Sin embargo ... cuando las personas de Capernaúm trataron de retener
permanentemente a Jesús para que pudiera continuar con su ministerio de
sanación, Jesús dijo: "También es necesario que yo anuncie en otras
ciudades las buenas noticias del reino de Dios, porque para esto he sido
enviado". Y luego siguió su camino, enseñando y predicando sobre el reino
de Dios y sobre cómo Dios había preparado un camino para que las personas sean
perdonadas y salvas de su pecado.
Jesús pone las
Buenas Nuevas en primer lugar. Si bien
la sanación es claramente importante para Jesús, las Buenas Nuevas son aún más
importantes. ¿Y por qué? Porque esas Buenas Nuevas nos ofrecen una sanación
más profunda que va más allá de los grandes milagros que le vieron hacer en sus
aldeas; una sanación que va más allá de la curación de la fiebre, más allá de
la curación del cáncer, más allá de expulsar demonios. Quien confía en Jesús
como Salvador, recibe una sanación que va más allá de cualquier otra cosa: la
sanación de su relación con Dios y la restauración de su naturaleza humana.
Al ofrecerse en
la cruz para quitar nuestro mal, Jesús sanó nuestra relación con Dios.
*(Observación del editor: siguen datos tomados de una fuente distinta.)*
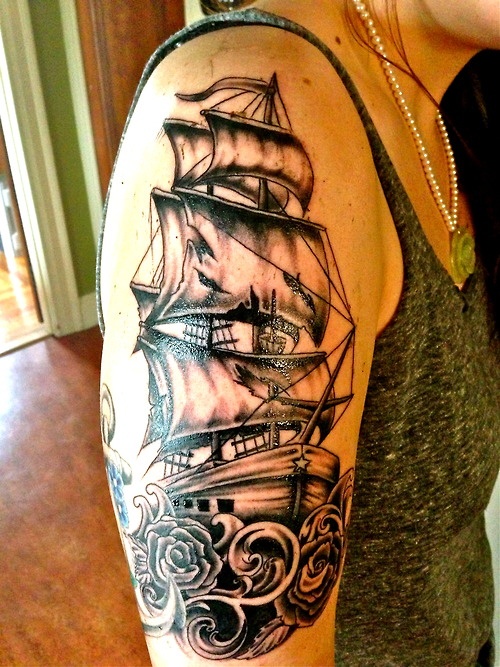 Amaizing ship tattoo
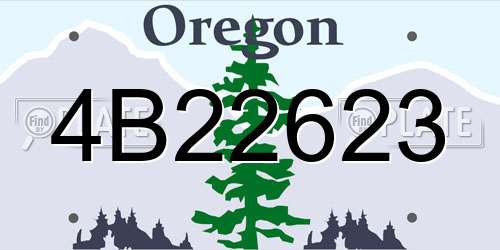 4B22623 Oregon License Plate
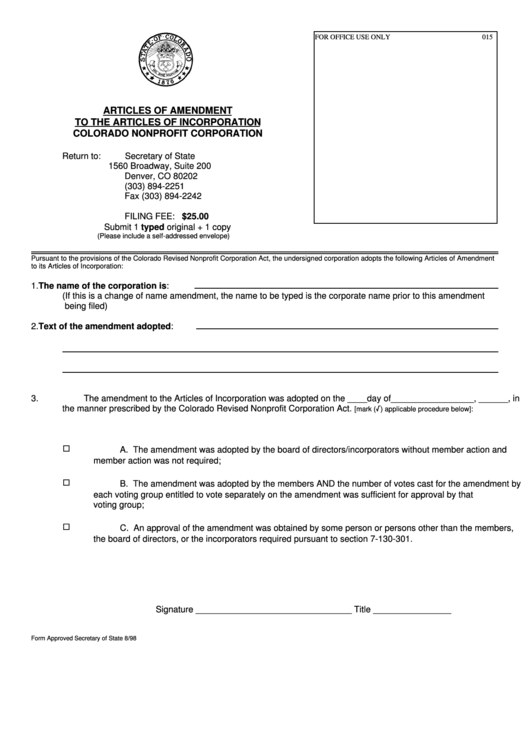 Articles Of Amendment To The Articles Of Incorporation - Colorado Secretary Of State Printable pdf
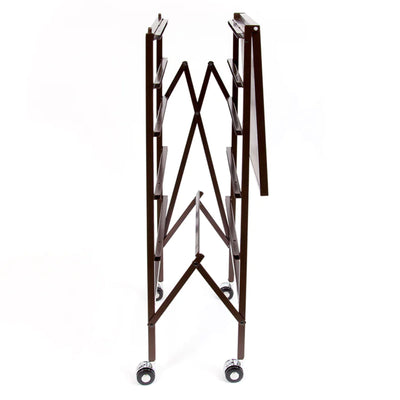 Origami Wheeled Folding Steel 5 Drawer Storage Kitchen Cart Wood Top, Bronze - VMInnovations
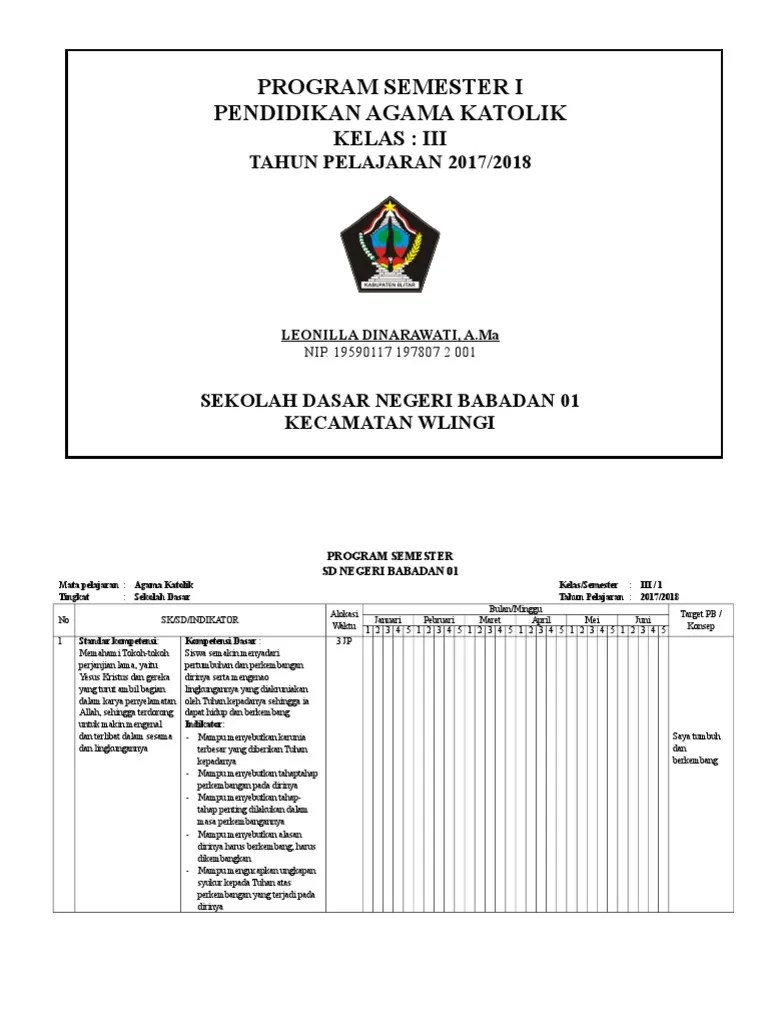 Prota Promes Agama Katolik Sd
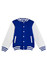 A blue varsity jacket with white sleeves and ribbed cuffs, featuring a button-up front and pockets.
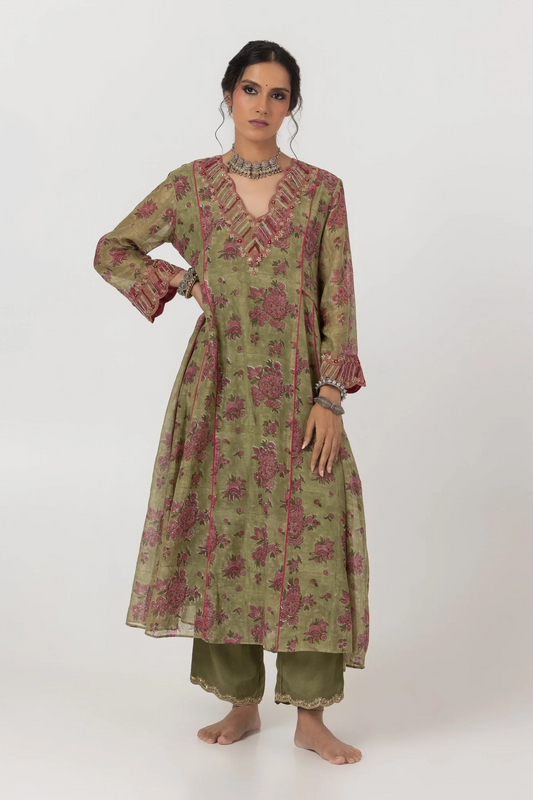 Sanna Hand Block Printed Kurta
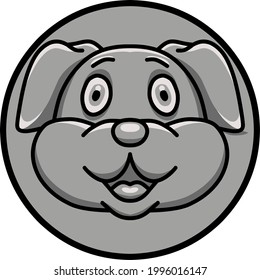 Dog head logo vector illustration in simple flat style.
Al
resucitar de entre los muertos, nos abrió la puerta a la vida eterna. Y al
recrearnos a través de la fe en él, nos ha hecho hijos de Dios. Ya en esta vida
tenemos el comienzo de esa sanación eterna que se completará el día en que Jesús
regrese a nosotros en gloria.
ORACIÓN. Querido Señor, ayúdame a atesorar tus
Buenas Nuevas y a compartirlas con otras personas a mi alrededor. Amén.